Da autoria de um dos mais importantes editores brasileiros do último quartel do século passado, este poema é sobre o próprio ato da escrita, da elaboração do poema propriamente dito, do elemento prospectivo que sempre paira em suas linhas, previamente insuspeitado, mas notoriamente óbvio depois que a rosa exibe os seus predicados.
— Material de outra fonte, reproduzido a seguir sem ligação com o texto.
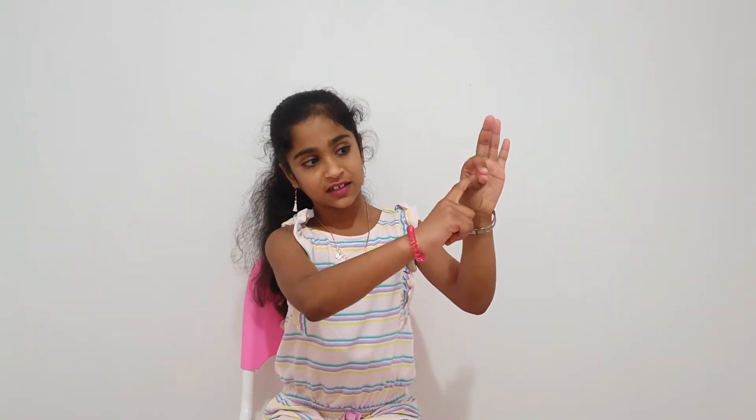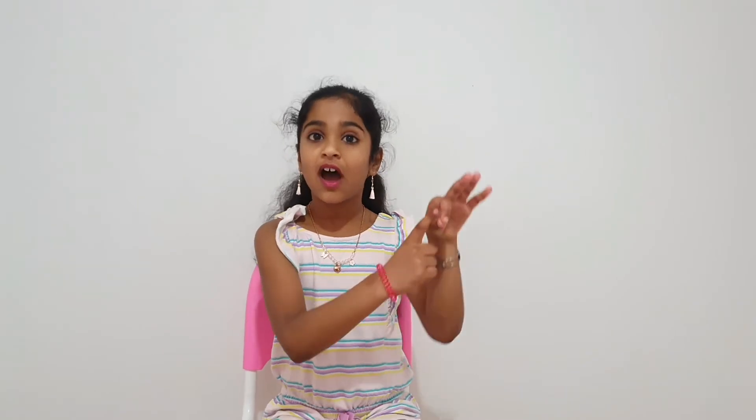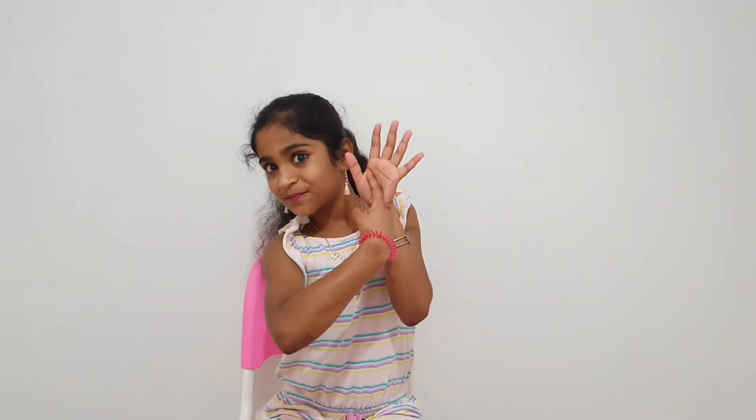Q — just do a circle, then attach it like that. Q. R — don't slap it, just like that. This is S.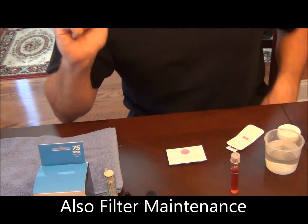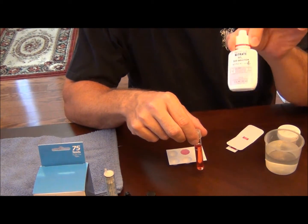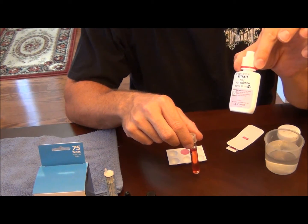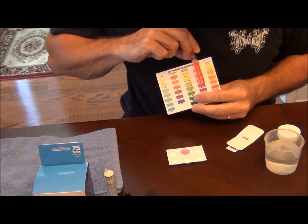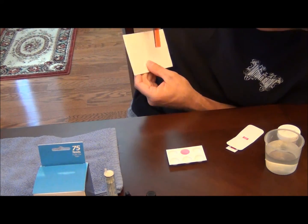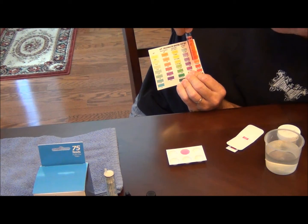I don't know if it's been five minutes yet, but let's go ahead and take a look at the nitrate test. A lot of you doing your nitrate test — remember there is a second solution that you have to add to the test tube. Don't just add the first one; you have to shake the second one vigorously. Right now it is about 10 parts per million with the API test kit.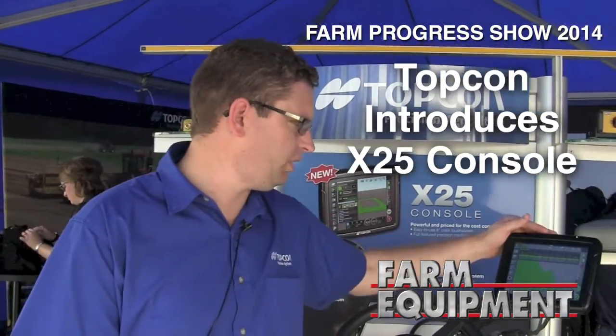Hi, I'm Michael Stone, the North American Sales Manager for Topcom Precision Agriculture. Today we're here at Farm Progress and we're introducing our new X25 console.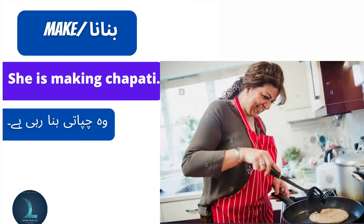Make means banana. She is making chapati. Voh chapati bana rahi hai.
Talvez o autor esteja a se referir ao hábito catártico de se pôr no papel todas as emoções que nos confrangem em determinado momento, e amassando entre os dedos, logo depois, a página onde recolhidas, teríamos sem demora nos tornado novamente senhores de nossos destinos: eventuais poemas que venham a remanescer – “simples rasuras”? – talvez mereçam fixar-se como literatura.

J.A.R. – H.C.

Pedro Paulo de Sena Madureira
(n. 1948)

Ancora a pena no espaço

Ancora a pena no espaço livre da página
e tua escritura naufraga.

Arroja livre a pena para os limites da página
e teu verso naufraga.

Escuta porém o ruído fino,
o corte maligno da pena na página,
a continuidade líquida de letras formando sílabas,
sílabas gerando nomes,
nomes anulando coisas.
Deixa que tuas mãos trêmulas
amassem a página inquieta,
alquimia indecifrável de signos de nenhuma linguagem
em puro papel,
e nenhum lixo o abriga,
nenhum livro o aguarda.

Por que obedeces ainda
ao fluxo que não se estanca,
ao ritmo que não se quebra,
às imagens que não se apagam?

Sufocas,
pouco a pouco afogas
em vão palavras que se defloram em tua garganta seca.

Louco! não te importes:

toda literatura é opaca
até que venhas e risques
na página enfurecida
mero poema,
simples rasura.

Na seção: “Mordaças”

Mulher escrevendo uma carta
(Gerard ter Borch: pintor holandês)

Referência:

MADUREIRA, Pedro Paulo de Sena. Ancora a pena no espaço. In: __________. Devastação. Rio de Janeiro, RJ: Imago, 1976. p. 32-33.